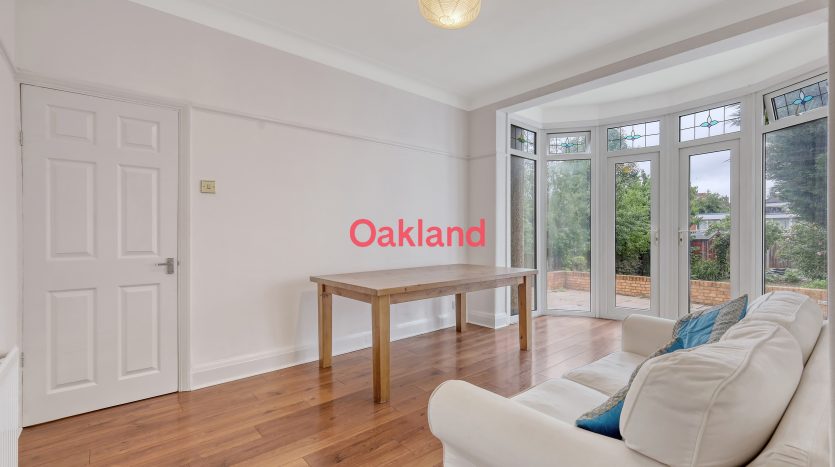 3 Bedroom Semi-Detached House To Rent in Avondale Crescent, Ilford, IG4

...

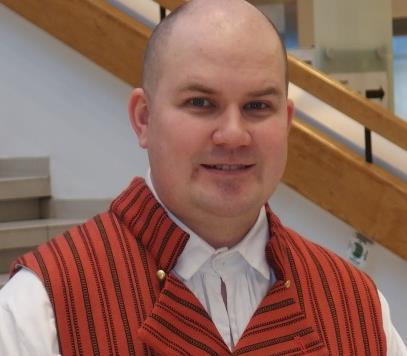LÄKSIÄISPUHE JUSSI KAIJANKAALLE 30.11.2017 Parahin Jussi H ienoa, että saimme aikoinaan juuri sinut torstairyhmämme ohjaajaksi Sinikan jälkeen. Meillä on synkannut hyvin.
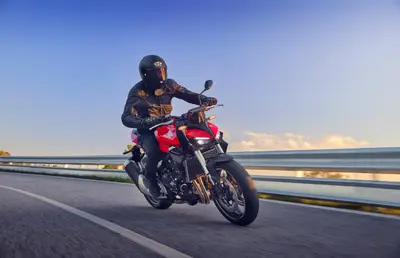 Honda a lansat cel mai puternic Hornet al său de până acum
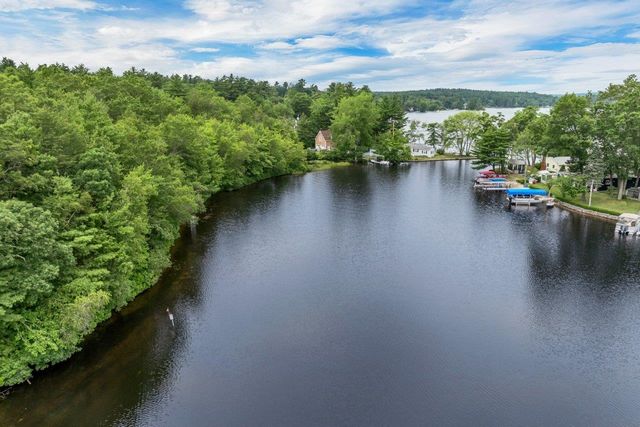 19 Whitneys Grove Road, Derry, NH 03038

* * *

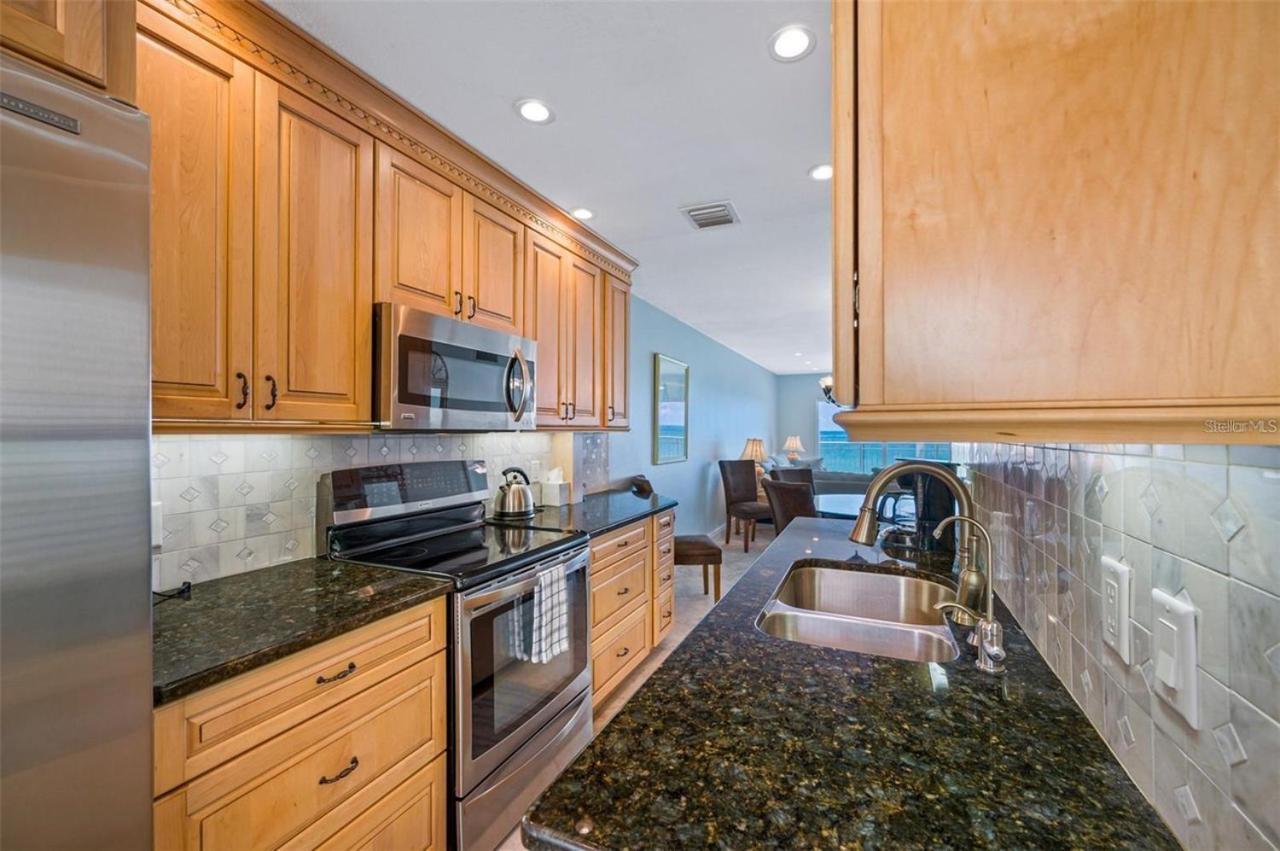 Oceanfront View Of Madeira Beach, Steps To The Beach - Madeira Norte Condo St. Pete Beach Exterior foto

#### WHAT YOU HAVE TO DO:
From the data above, return exactly the lines from the one with "LÄKSIÄISPUHE JUSSI KAIJANKAALLE" up to and including the one with "19 Whitneys Grove Road, Derry, NH 03038". Pictures do not go in the copy.

#### EXPECTED ANSWER:
LÄKSIÄISPUHE JUSSI KAIJANKAALLE 30.11.2017 Parahin Jussi H ienoa, että saimme aikoinaan juuri sinut torstairyhmämme ohjaajaksi Sinikan jälkeen. Meillä on synkannut hyvin.
 Honda a lansat cel mai puternic Hornet al său de până acum
 19 Whitneys Grove Road, Derry, NH 03038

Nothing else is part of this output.